TASK TO CARRY OUT -> Leaving the pictures aside, return the listing exactly as it appears.

*** STORED DATA Section Begins ***

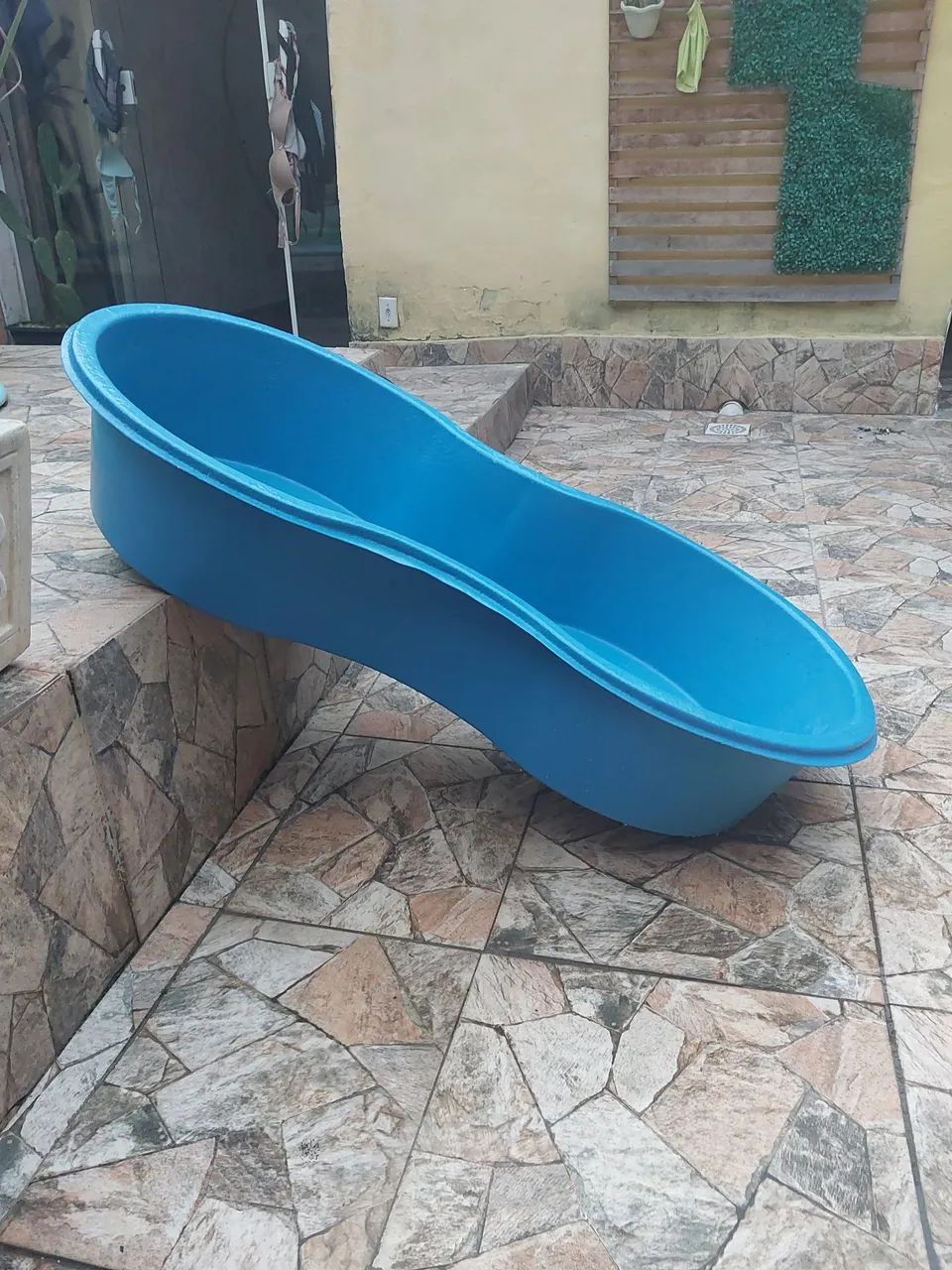 Piscina polietileno 100L Afort feijao  - Foto 3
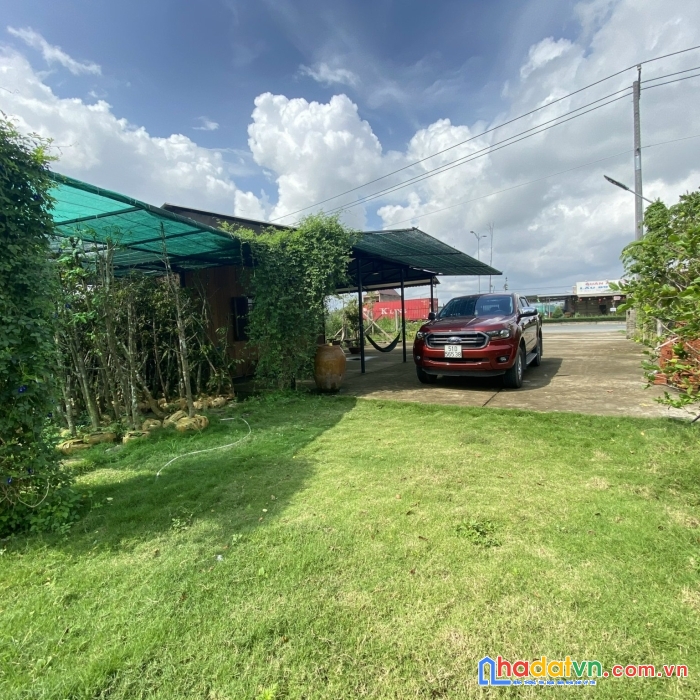 Nền 681m2 đất mặt tiền huỳnh tấn phát - bến tre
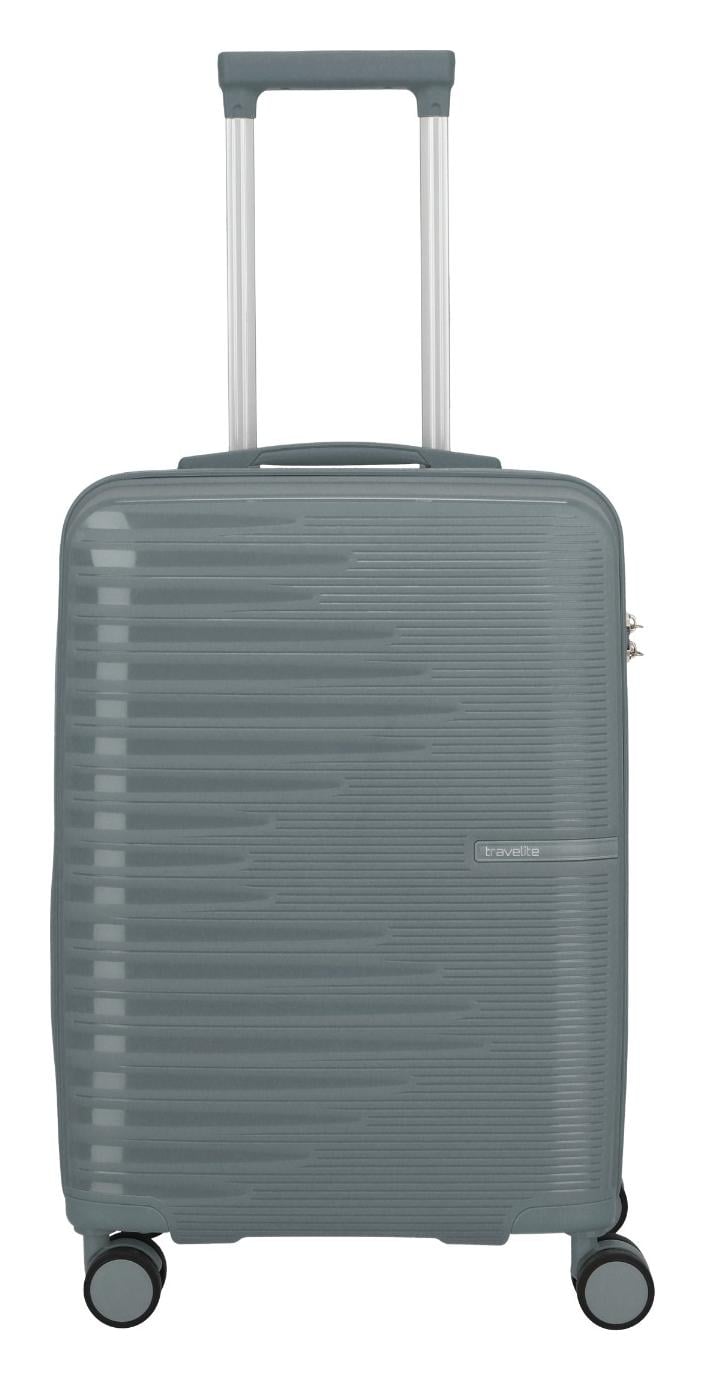 Malý škrupinový kufor Travelite Pacific S Anthracite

*** STORED DATA Section Ends ***

ANSWER TO THIS EXERCISE ->
 Piscina polietileno 100L Afort feijao  - Foto 3
 Nền 681m2 đất mặt tiền huỳnh tấn phát - bến tre
 Malý škrupinový kufor Travelite Pacific S Anthracite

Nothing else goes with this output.